Check the /etc/resolv.conf file

Double check that the container's /etc/resolv.conf file has been updated properly by any VPN software (like openconnect) running in the container or on the host. It may be prioritizing the host's primary network connection rather than the VPN. If in doubt, make sure the VPN's domain is the first one listed, so that it is searched first.
Example from /etc/resolv.conf:
search myVPNDomain myISPDomain

Symptom: Running emulated containers fails.

If QEMU is properly and fully installed, DUE should be able to run containers of other architectures seamlessly. If you're reading this, then you've found a seam and should file a bug at: https://github.com/CumulusNetworks/DUE/issues
Note Be aware that newer host distributions may use systemd-binfmt to handle the running of non-native binaries, and as a result, the following binfmt-support suggestions may or may not apply in your environment.

Fails with: standard\_init\_linux.go:211: exec user process caused "exec format error"

So far this has been the only time I've seen this die, and I tracked it down to my system's binfmt-support not being configured to handle ARM binaries. Ideally, qemu should register the architectures it can run with binfmt-support, so that when non-native code is encountered, it can be passed off to qemu.
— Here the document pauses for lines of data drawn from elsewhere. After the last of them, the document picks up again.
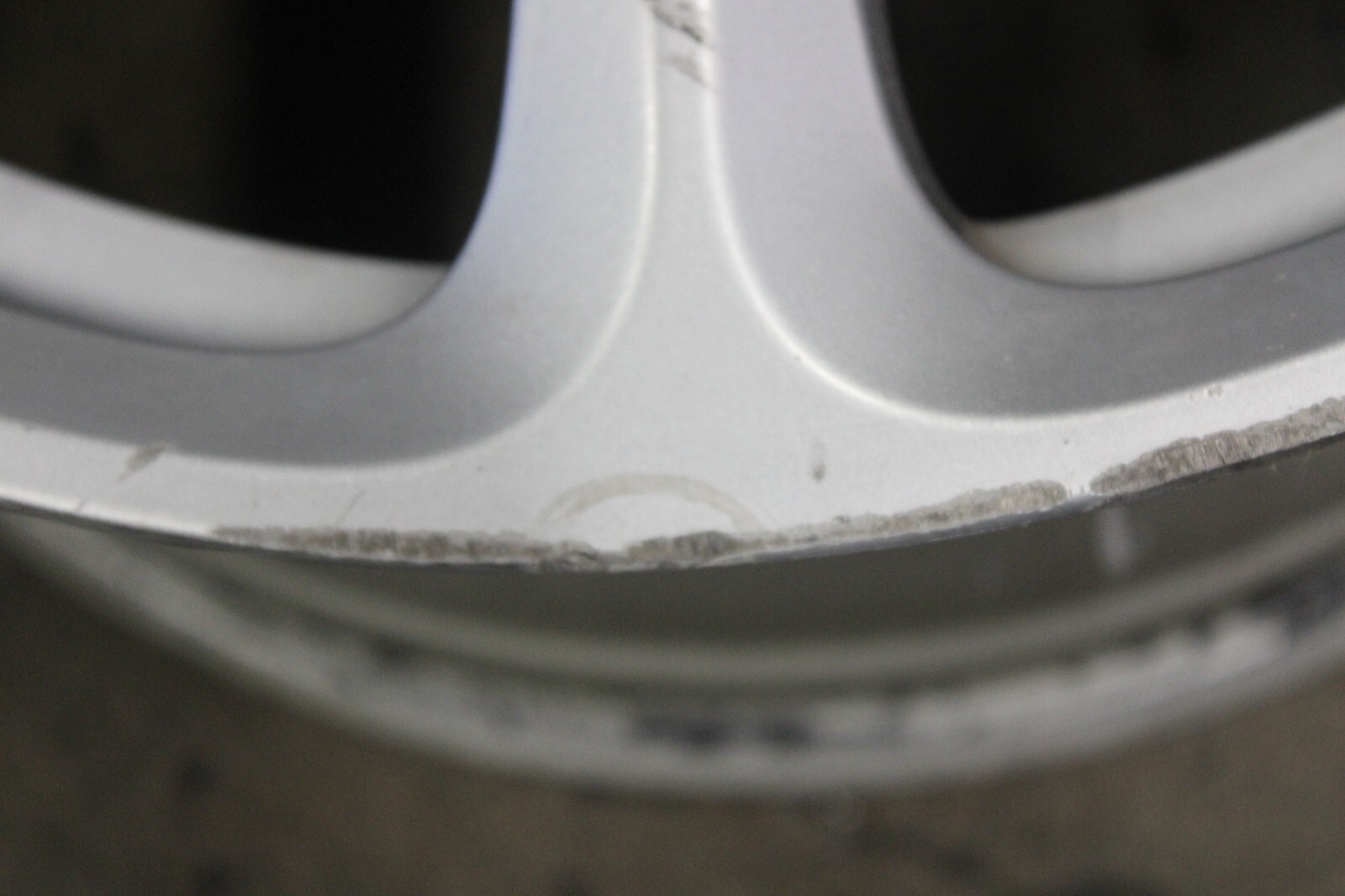 Maserati Quattroporte, Rear Wheel, Curb Rash, Used, P/N 82380806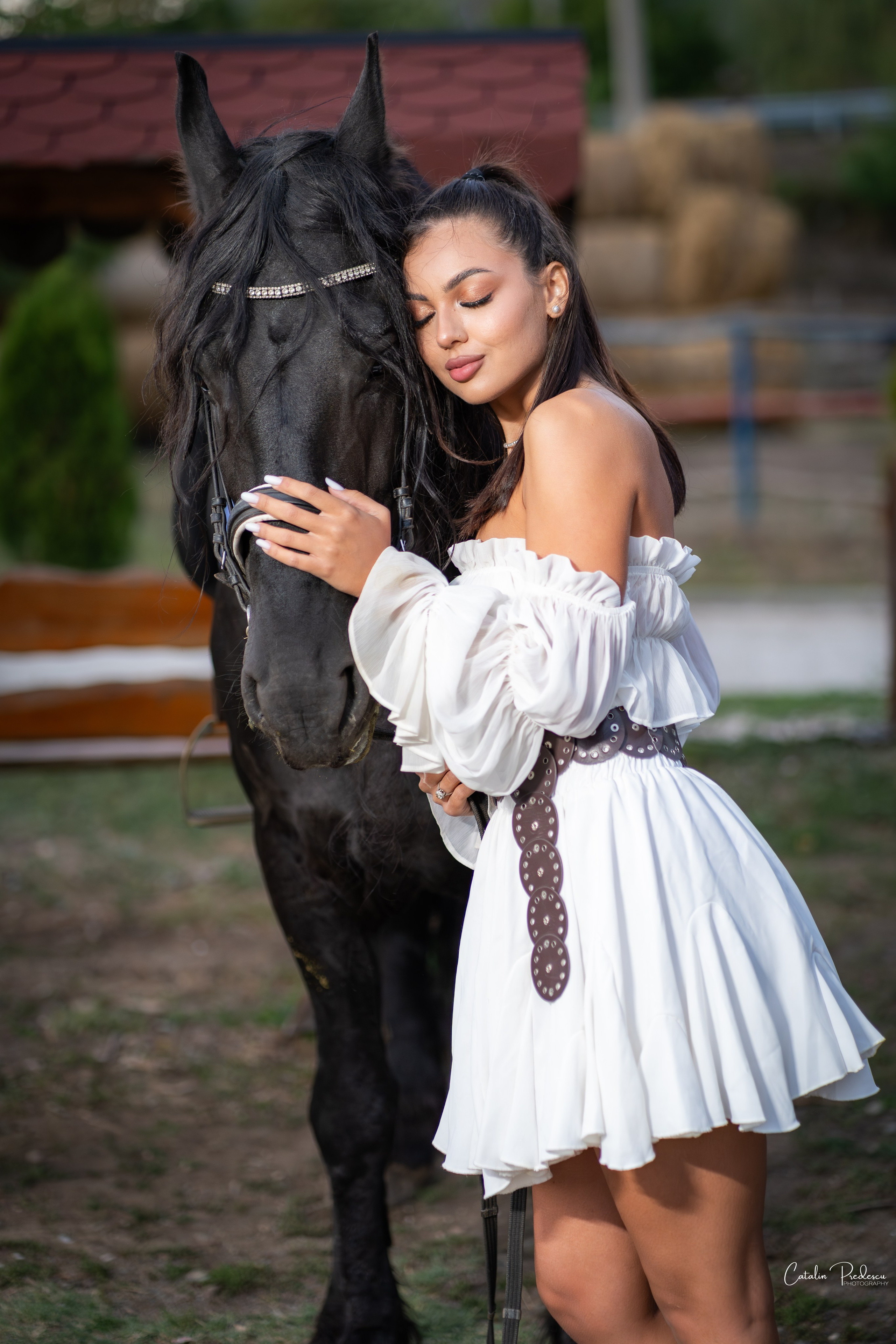 Codruța la Băile Herculane – naturalețe, expresivitate și lumină autentică. Event, portrait, and lifestyle photographer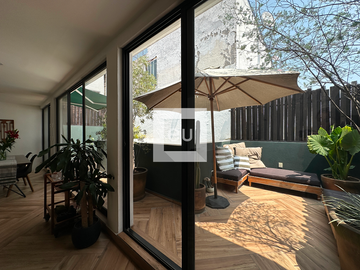 Penthouse en venta con terraza privada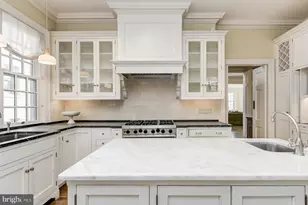 2425 California St NW, Washington, DC 20008 - Photo 25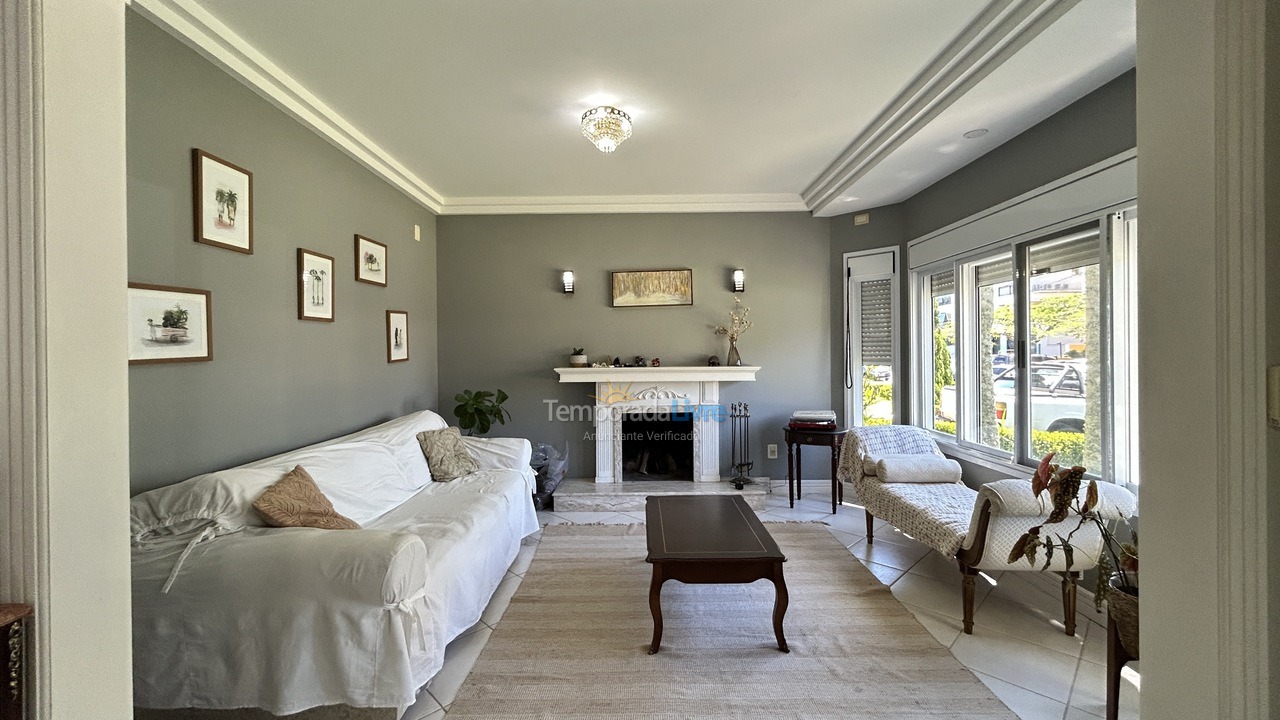 Casa para alquiler de vacaciones em Florianopolis (Jurerê)
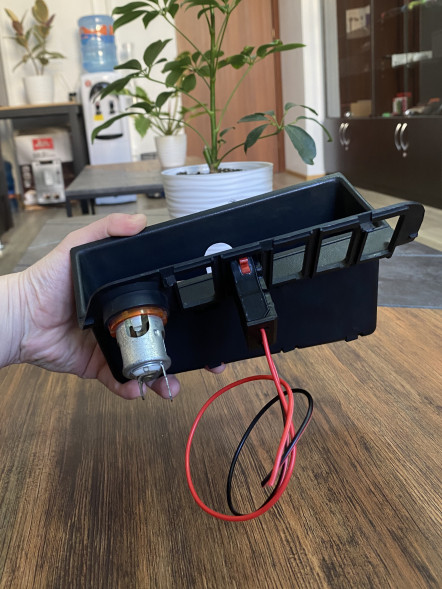Блок зарядки USB-C 65W для BMW E36 в Новосибирске
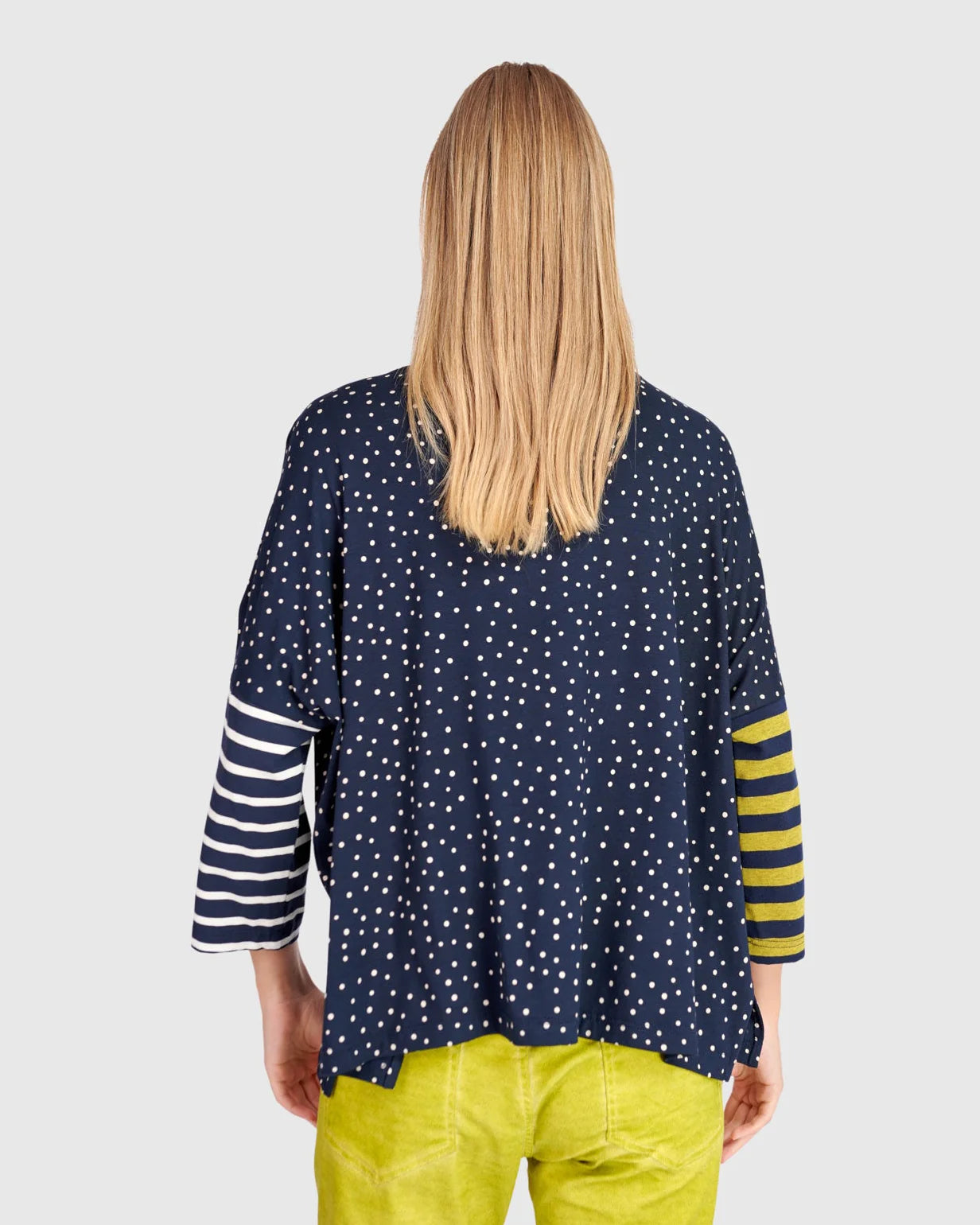 Alembika | Spot Crew Neck Tee | Navy/White/Lime
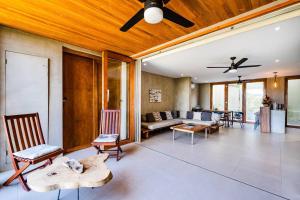 ein Wohnzimmer mit Sofa und Tisch in der Unterkunft Spacious & Serene With Partial Ocean & Jungle View in Tamarindo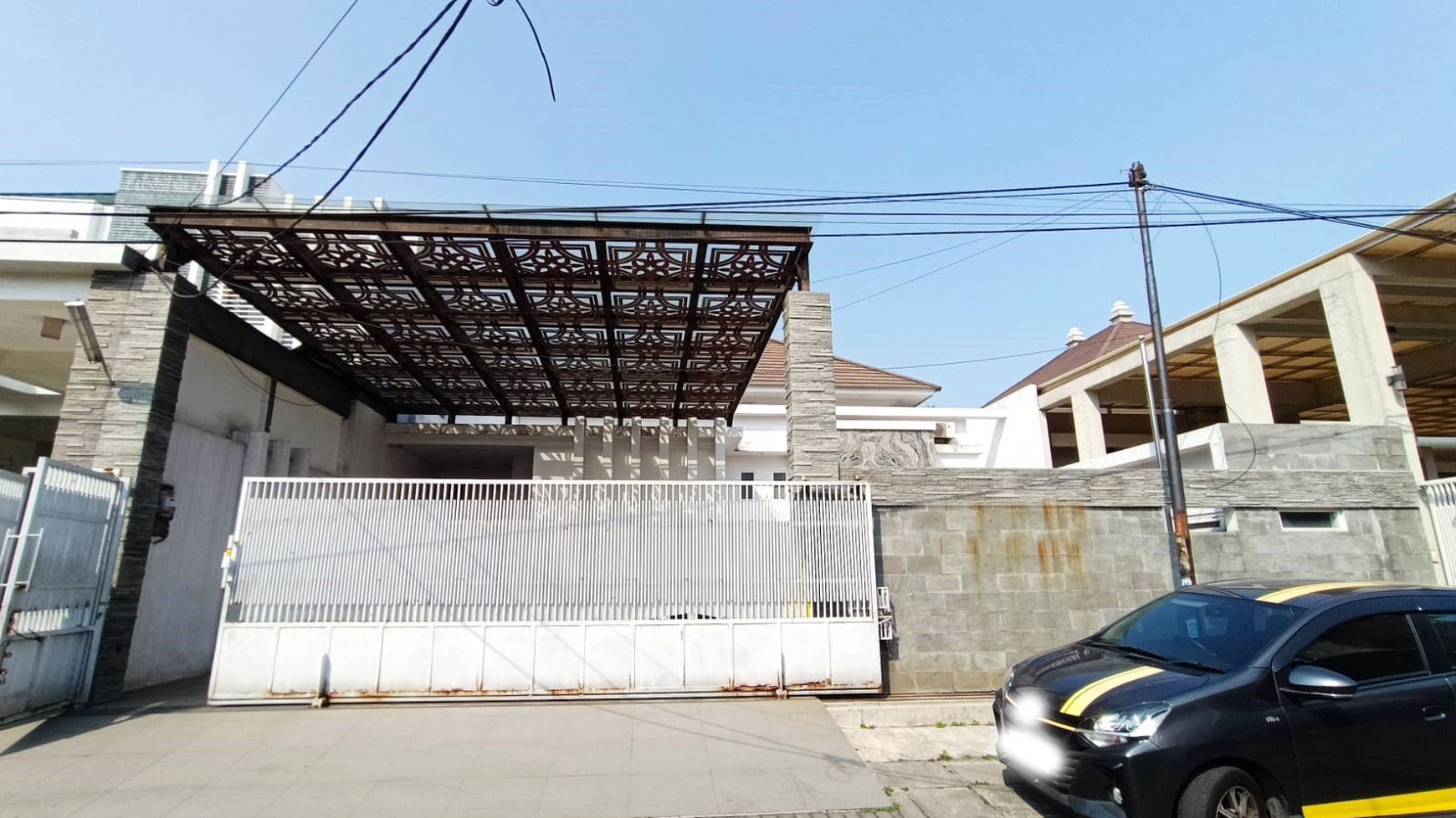 Rumah di Kertomenanggal Surabaya Selatan, Bagus + Terawat, Row Jalan Lebar, Siap Huni, Cocok untuk Rumah Tinggal / Kantor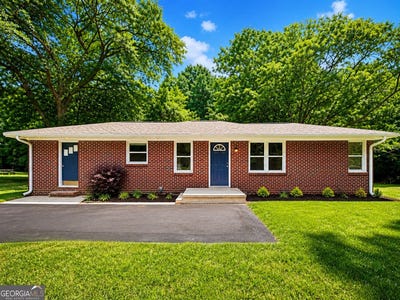 /international/us/57-cade-street-hartwell-ga-110107867084/
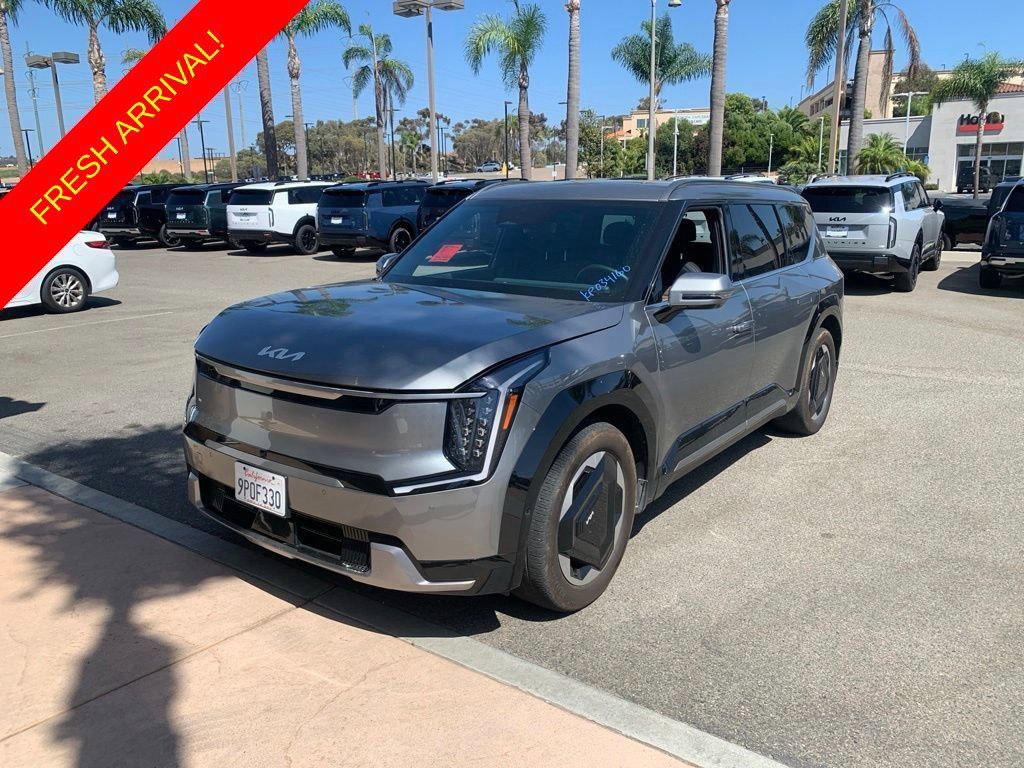 Certified 2024 Kia EV9 Land AWD/4WD image 1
###Other emulation related failures to check: ####Are there qemu-* entries under /proc/sys/fs/binfmt_misc/ If ls -l /proc/sys/fs/binfmt_misc doesn't show them, then a few required packages may not be installed. Try:

sudo apt update ; sudo apt install qemu qemu-user-static binfmt-support

This should create the entries. If this fails, try reconfiguring qemu-user-static, with:
sudo dpkg-reconfigure qemu-user-static
which should have configured binfmt-support to have the entries. I had to do this on one system, for reasons that aren't completely clear to me.

####Is the binfmt service running? List bimfmt files systemctl list-unit-files | grep binfmt
Restart binfmt-support
sudo systemctl restart binfmt-support.service

Debugging a failed image creation

If image creation does not complete, a partial image will have been created with the name <none>. Running due --manage --list-images will list all containers on the system with the most recently created ones listed first.

To get inside the failed container and debug it, run:

due --run --debug
and select the image.
Then: cd /due_configuration

Here you'll find all the configuration scripts that were run to create the container, so you can run them in the container as needed to track down the failure.

Your home directory will be mounted under /home/root, so any file changes you make can be persisted by copying them there.

Cleaning up failed images

Run due --manage --delete-matched none
This gets the IDs of all images that have 'none' in their name and generates a script named delete_these_docker_images.sh that can be run to delete all those images.

--delete-matched filters images with with *term-supplied* so you should check that the images listed in the script are, indeed, the ones you want to get rid of.